Fastball

Notes: 'Fastball' documentary a home run for fans

The film begins with Justin Verlander talking about the first time he threw 100 mph, and musing about how his fastball might have compared to Bob Feller’s. For the next 85 minutes, the subject is fastballs and only fastballs.

Hard-core fans will be spellbound. Even casual fans will be enthralled. The filmmakers, in their own words, explore "how the magic of baseball can boil down to the 396 milliseconds it takes a 100 mph fastball to reach home plate." Kevin Costner is the narrator. But current stars, 20 Hall of Famers, writers and even scientists tell the story.

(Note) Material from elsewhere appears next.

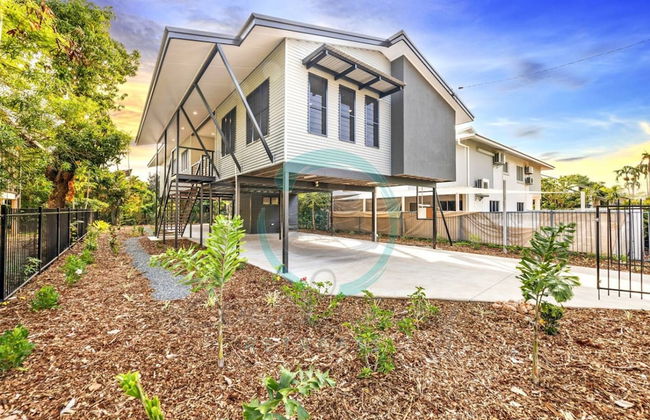 Urbanretreat Modern Outdoor Dining Backyard - Foto 4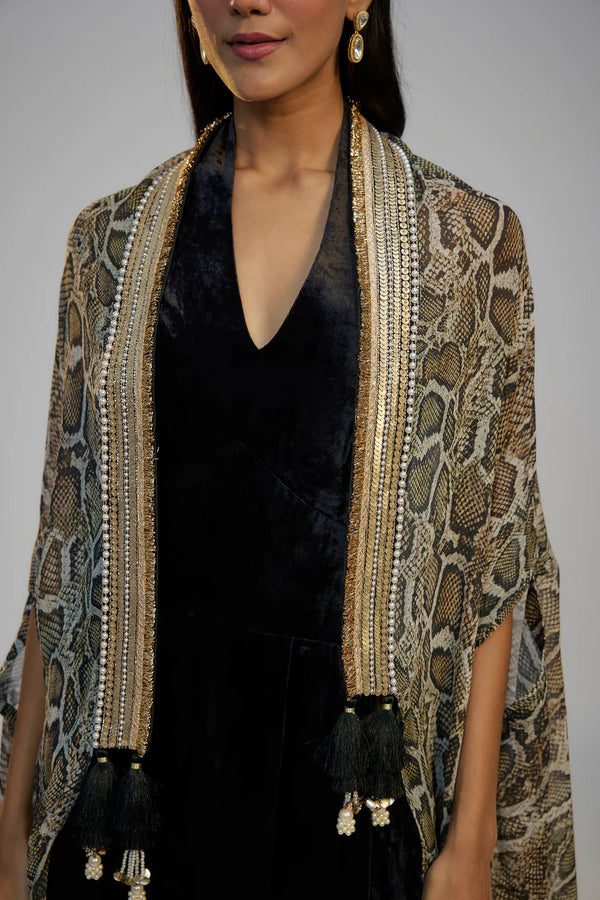 Halter Velvet Dress and Cape Set طقم فستان مخملي مع عباءة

The documentary — not surprisingly called, "Fastball" — premieres Monday night at the Tribeca Film Festival in New York. I’ll admit to a certain bias — I went to the University of Pennsylvania with the writer and director, Jonathan Hock. But Jon already has won nine Emmys without my endorsement. And you can trust my recommendation on this one, as opposed to say, my preseason picks.

Honestly, I can’t pick out out my favorite part of the film. It’s cool to hear Aroldis Chapman, Craig Kimbrel and David Price talk about their art. It’s also cool to hear a panel of five Hall of Famers — George Brett, Al Kaline, Joe Morgan, Johnny Bench and the late Tony Gwynn — banter about the toughest pitchers they faced.

Rich Gossage, Bob Gibson and Nolan Ryan reflect in great detail about their careers. Derek Jeter and Hank Aaron show more personality than we’re perhaps accustomed to seeing. The rarely interviewed Eddie Murray shares his thoughts, as do fellow Hall of Famers Mike Schmidt, Wade Boggs and the late Ernie Banks.

I loved not only the rare footage from Sandy Koufax’s perfect game, but also the section about Steve Dalkowski, the Orioles’ hard-throwing minor-league legend; the first manager I covered, the late Cal Ripken Sr., told great stories about Dalkowski, as did many others with the Orioles at the start of my baseball-writing career.

The most compelling aspect of the film, though, might be its science. Aaron, Gibson and Verlander talk anecdotally about whether a fastball can rise, and scientists try to explain the phenomenon. Even more intriguing, scientists make corrections on the past measurements of certain greats, and try to determine who threw the fastest pitch of all time.

The film, produced by Thomas Tull, a board member of the Hall of Fame, will be screened four times this week at the Tribeca Film Festival. After that, it will hit the festival circuit, and a national release is expected around the time of the World Series.